Une salle présente ensuite une galerie de portraits d’enfants et d’adolescents, déportés de France puis assassinés à Auschwitz. Ces photos permettent de mettre des noms, des visages et des histoires sur les chiffres. Parmi les 76 000 déportés depuis la France, certains noms résonnent : le grand avocat Pierre Masse, le petit Georgy Halpern, déporté avec les enfants d’Izieu, ou encore la grande écrivaine Charlotte Delbo. Seuls 2500 sont revenus de l’enfer. Avec la Pologne et la Hongrie, la France est un des pays qui compte le plus grand nombre de déportés. Nous nous trouvons à l’autre bout de l’Europe, mais c’est aussi l’histoire de notre pays qui est ici racontée.

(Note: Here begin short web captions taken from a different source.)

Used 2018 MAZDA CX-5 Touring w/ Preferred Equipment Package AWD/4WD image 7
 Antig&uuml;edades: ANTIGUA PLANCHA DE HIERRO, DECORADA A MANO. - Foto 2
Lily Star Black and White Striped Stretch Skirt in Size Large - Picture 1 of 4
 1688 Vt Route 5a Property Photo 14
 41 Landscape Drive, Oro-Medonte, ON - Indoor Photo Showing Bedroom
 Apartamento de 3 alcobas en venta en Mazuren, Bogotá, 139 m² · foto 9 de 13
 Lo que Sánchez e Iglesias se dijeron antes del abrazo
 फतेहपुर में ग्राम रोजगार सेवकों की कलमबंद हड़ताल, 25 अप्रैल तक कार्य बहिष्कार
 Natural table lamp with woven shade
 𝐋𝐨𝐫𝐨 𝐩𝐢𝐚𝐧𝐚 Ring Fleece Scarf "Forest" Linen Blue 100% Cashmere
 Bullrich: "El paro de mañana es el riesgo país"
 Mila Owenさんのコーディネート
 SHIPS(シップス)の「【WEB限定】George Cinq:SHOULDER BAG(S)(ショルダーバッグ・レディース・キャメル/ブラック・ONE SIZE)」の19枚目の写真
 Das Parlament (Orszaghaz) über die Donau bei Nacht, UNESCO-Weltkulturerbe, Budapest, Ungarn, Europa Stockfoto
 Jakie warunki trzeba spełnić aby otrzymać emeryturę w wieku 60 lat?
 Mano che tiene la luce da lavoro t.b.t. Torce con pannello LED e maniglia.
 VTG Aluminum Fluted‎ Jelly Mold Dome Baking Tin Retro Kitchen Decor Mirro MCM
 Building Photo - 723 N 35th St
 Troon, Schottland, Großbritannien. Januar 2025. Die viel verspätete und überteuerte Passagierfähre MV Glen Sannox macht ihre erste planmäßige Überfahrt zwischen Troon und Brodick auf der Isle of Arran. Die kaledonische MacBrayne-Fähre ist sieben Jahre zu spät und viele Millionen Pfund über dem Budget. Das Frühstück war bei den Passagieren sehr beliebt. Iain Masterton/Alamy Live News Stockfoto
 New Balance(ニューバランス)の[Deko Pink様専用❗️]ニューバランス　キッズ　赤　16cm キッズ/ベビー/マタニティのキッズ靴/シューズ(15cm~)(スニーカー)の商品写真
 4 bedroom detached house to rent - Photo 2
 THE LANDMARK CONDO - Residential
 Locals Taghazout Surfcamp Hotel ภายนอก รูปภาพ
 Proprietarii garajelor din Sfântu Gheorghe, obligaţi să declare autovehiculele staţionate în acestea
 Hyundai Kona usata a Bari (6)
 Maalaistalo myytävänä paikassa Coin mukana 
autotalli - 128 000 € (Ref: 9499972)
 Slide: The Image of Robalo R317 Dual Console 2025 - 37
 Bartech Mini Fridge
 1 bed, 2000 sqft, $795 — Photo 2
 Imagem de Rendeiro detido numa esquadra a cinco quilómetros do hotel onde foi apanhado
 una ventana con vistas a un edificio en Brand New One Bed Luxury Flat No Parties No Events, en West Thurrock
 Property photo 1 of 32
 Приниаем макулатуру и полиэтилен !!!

La visite se termine par une chambre à gaz, la seule du camp d’Auschwitz I, qui fut utilisée pour « tester » le procédé qui sera utilisé de manière industrielle dans le camp de Birkenau, et qui servit ensuite d’abri antiaérien. 70 000 personnes y ont péri dans d’atroces souffrances, et il est impossible de regarder ces murs gris et abîmés par le temps sans penser à l’horreur qu’ils ont hébergé. Dans la salle suivante, deux fours crématoires rappellent le terrible sort réservé aux victimes, effacées de ce monde dans les flammes. La guide conclut cette journée chargée en émotions par un appel à la jeunesse : portez et transmettez la mémoire du génocide pour que l’humanité ne revive jamais cela.

Témoignages

Commémorer Auschwitz est essentiel. Essentiel pour honorer les victimes de cette tragédie, mais aussi et surtout pour réaffirmer notre engagement à lutter contre les fléaux que sont le racisme, l’antisémitisme et le rejet de l’autre. Faire vivre la mémoire, c’est engager notre capacité à construire une société juste, où chacun peut vivre libre et en sécurité, quelles que soient sa religion, sa condition, ses origines, ou sa culture. C’est pour cela que la Région Sud a mis en place le dispositif Mémoire et Citoyenneté qui permet à des centaines de lycéens de visiter Auschwitz chaque année. 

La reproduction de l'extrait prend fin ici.